### TASK TO COMPLETE
Everything from the line holding "Merwe, H. te" through the last line of the records should be repeated word for word, and pictures should be omitted.

### DATA TO EXAMINE
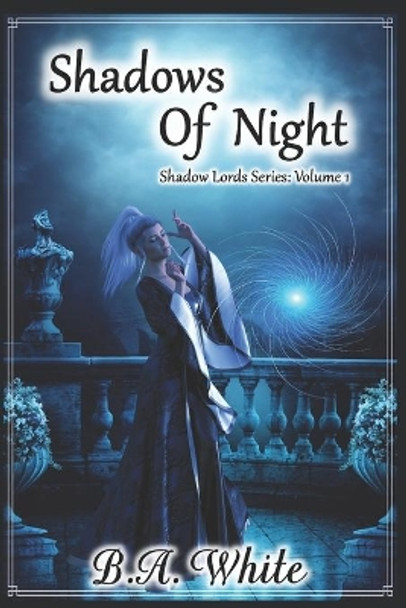 Shadows of Night Barbara White 9781981051410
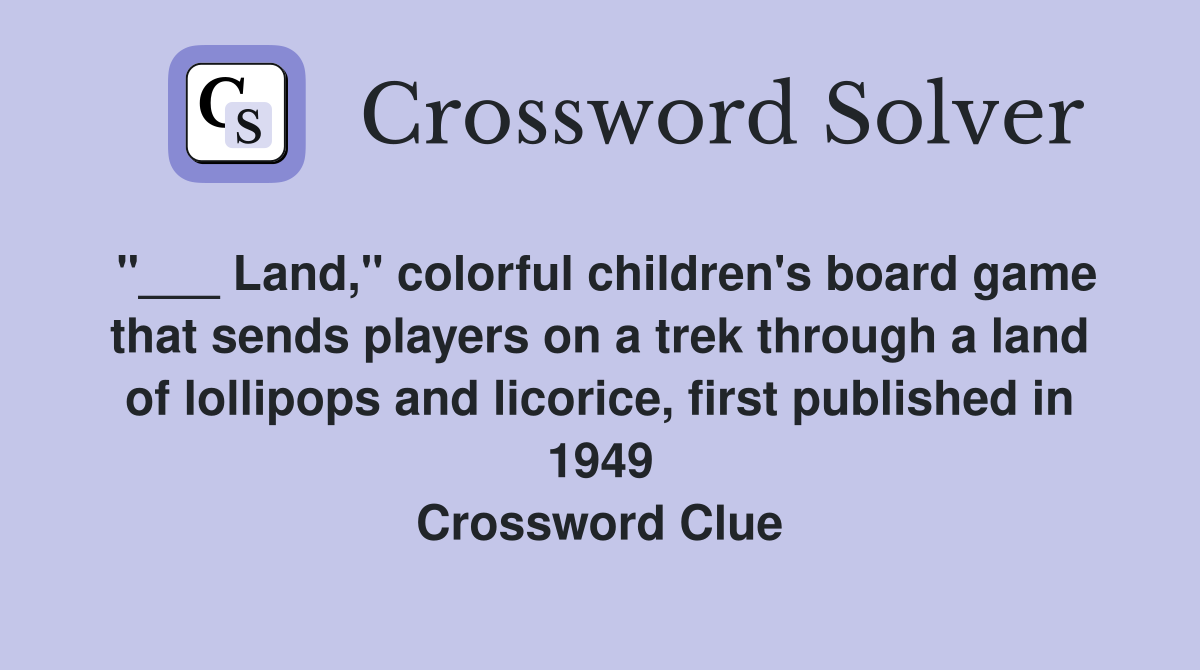 "___ Land," colorful children's board game that sends players on a trek through a land of lollipops and licorice, first published in 1949 Crossword Clue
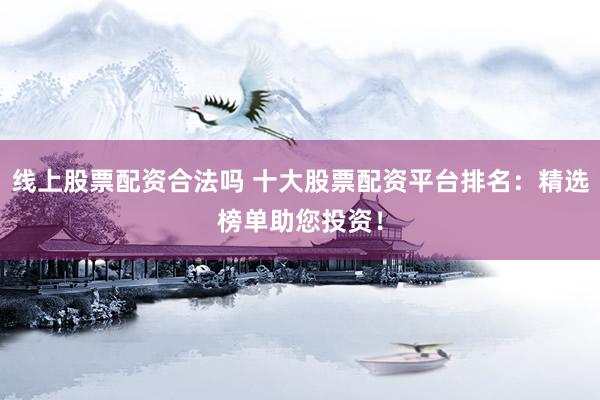 线上股票配资合法吗 十大股票配资平台排名：精选榜单助您投资！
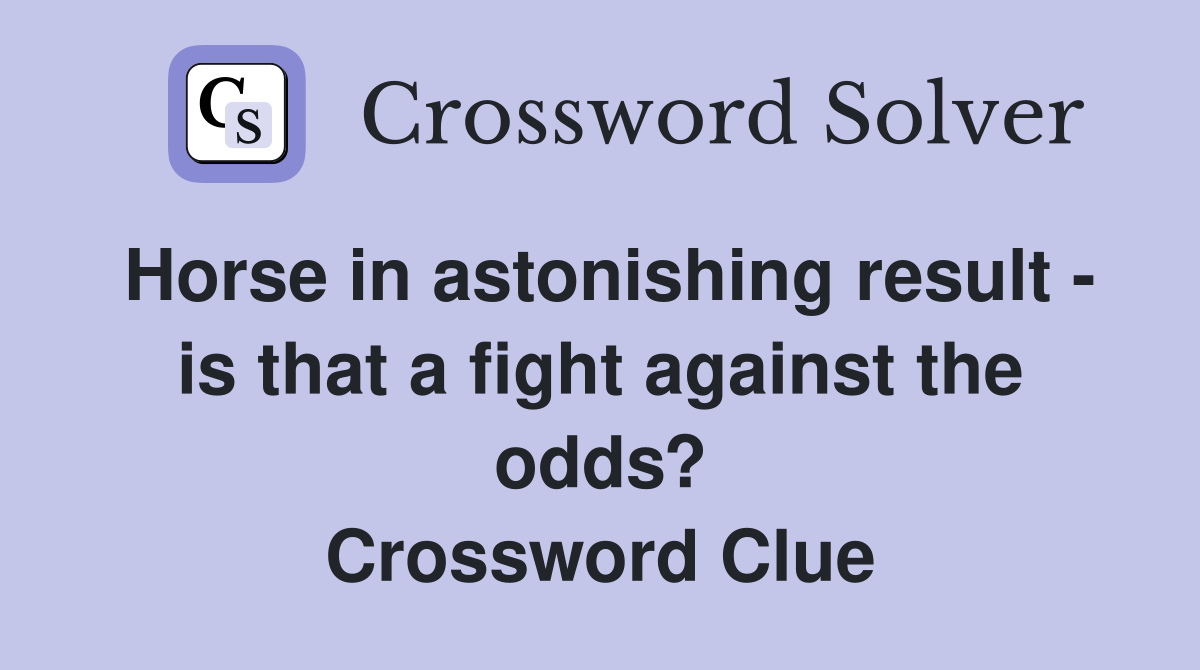 Horse in astonishing result - is that a fight against the odds? Crossword Clue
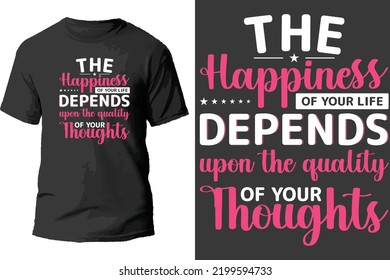 Motivational quotes, Inspirational quotes, The Happiness of your life depends upon the quality of your thoughts. Success quotes.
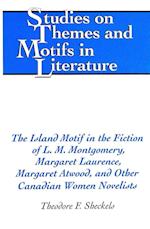 The Island Motif in the Fiction of L. M. Montgomery, Margaret Laurence, Margaret Atwood, and Other Canadian Women Novelists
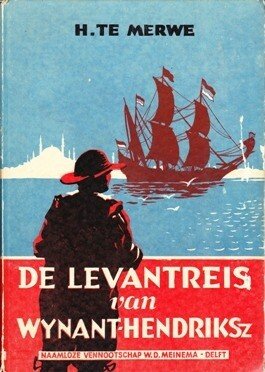 Merwe, H. te - De levantreis van Wynant-Hendriksz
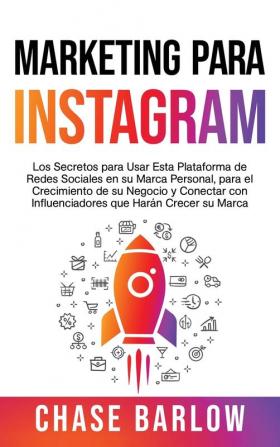 Marketing para Instagram: Los secretos para usar esta plataforma de redes sociales en su marca personal para el crecimiento de su negocio y conectar con influenciadores que harán crecer su marca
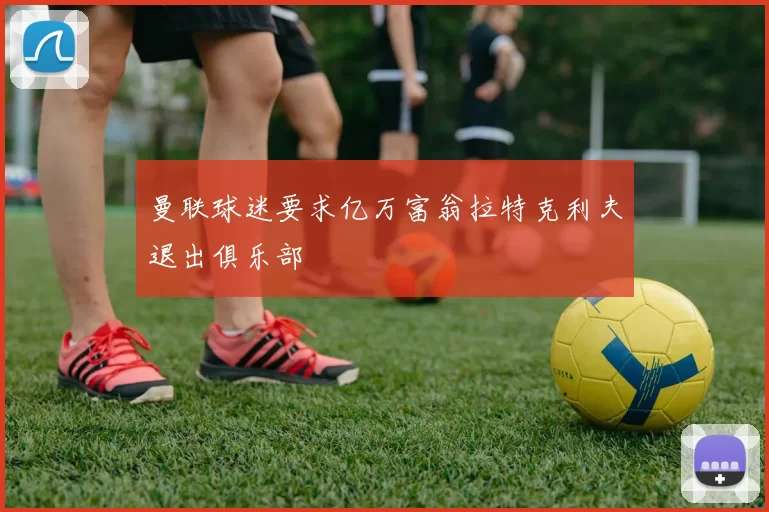 曼联球迷要求亿万富翁拉特克利夫退出俱乐部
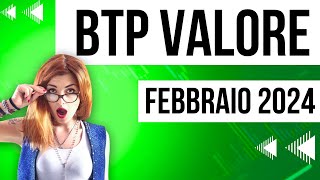 BTP VALORE FEBBRAIO 2024 NUOVA EMISSIONE [upl. by Venable]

### RESPONSE
 Merwe, H. te - De levantreis van Wynant-Hendriksz
 Marketing para Instagram: Los secretos para usar esta plataforma de redes sociales en su marca personal para el crecimiento de su negocio y conectar con influenciadores que harán crecer su marca
 曼联球迷要求亿万富翁拉特克利夫退出俱乐部
 BTP VALORE FEBBRAIO 2024 NUOVA EMISSIONE [upl. by Venable]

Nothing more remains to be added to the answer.